About this exercise
Give again, word for word, each line below starting at the one that contains "Sleek and durable, this" and ending at the one that contains "Textured Medium Wavy".

Records from a data collection:
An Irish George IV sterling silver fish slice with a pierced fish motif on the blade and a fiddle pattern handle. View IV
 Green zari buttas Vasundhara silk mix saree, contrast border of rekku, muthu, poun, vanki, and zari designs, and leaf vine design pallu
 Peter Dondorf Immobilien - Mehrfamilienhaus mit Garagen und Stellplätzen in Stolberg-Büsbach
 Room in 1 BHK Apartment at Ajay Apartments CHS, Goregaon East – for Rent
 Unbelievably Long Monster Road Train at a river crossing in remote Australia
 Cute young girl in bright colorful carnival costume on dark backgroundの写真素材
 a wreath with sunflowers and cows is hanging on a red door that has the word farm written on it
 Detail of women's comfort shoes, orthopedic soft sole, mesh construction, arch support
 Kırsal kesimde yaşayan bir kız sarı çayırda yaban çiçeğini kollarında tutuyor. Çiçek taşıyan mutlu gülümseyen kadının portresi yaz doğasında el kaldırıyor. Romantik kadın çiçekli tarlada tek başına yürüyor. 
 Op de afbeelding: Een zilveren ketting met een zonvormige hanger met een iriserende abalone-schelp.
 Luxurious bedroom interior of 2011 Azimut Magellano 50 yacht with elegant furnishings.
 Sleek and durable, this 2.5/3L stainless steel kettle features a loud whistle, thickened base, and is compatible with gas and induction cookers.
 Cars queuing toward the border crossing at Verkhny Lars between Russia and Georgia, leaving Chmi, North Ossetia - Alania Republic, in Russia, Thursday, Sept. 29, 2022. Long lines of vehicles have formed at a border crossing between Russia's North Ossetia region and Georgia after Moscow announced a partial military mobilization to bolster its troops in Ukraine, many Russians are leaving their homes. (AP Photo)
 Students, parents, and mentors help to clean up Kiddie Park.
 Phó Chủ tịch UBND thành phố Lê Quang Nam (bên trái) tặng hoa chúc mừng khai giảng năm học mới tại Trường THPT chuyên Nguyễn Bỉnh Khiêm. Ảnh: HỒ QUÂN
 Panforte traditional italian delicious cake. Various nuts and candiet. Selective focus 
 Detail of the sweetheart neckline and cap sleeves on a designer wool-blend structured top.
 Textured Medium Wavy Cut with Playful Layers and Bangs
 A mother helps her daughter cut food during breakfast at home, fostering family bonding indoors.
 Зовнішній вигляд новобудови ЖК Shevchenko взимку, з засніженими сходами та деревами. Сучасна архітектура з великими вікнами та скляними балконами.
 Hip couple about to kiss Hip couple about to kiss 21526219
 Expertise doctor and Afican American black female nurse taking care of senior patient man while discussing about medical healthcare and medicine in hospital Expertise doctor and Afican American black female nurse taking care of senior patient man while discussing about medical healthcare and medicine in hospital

Result for this exercise
 Sleek and durable, this 2.5/3L stainless steel kettle features a loud whistle, thickened base, and is compatible with gas and induction cookers.
 Cars queuing toward the border crossing at Verkhny Lars between Russia and Georgia, leaving Chmi, North Ossetia - Alania Republic, in Russia, Thursday, Sept. 29, 2022. Long lines of vehicles have formed at a border crossing between Russia's North Ossetia region and Georgia after Moscow announced a partial military mobilization to bolster its troops in Ukraine, many Russians are leaving their homes. (AP Photo)
 Students, parents, and mentors help to clean up Kiddie Park.
 Phó Chủ tịch UBND thành phố Lê Quang Nam (bên trái) tặng hoa chúc mừng khai giảng năm học mới tại Trường THPT chuyên Nguyễn Bỉnh Khiêm. Ảnh: HỒ QUÂN
 Panforte traditional italian delicious cake. Various nuts and candiet. Selective focus 
 Detail of the sweetheart neckline and cap sleeves on a designer wool-blend structured top.
 Textured Medium Wavy Cut with Playful Layers and Bangs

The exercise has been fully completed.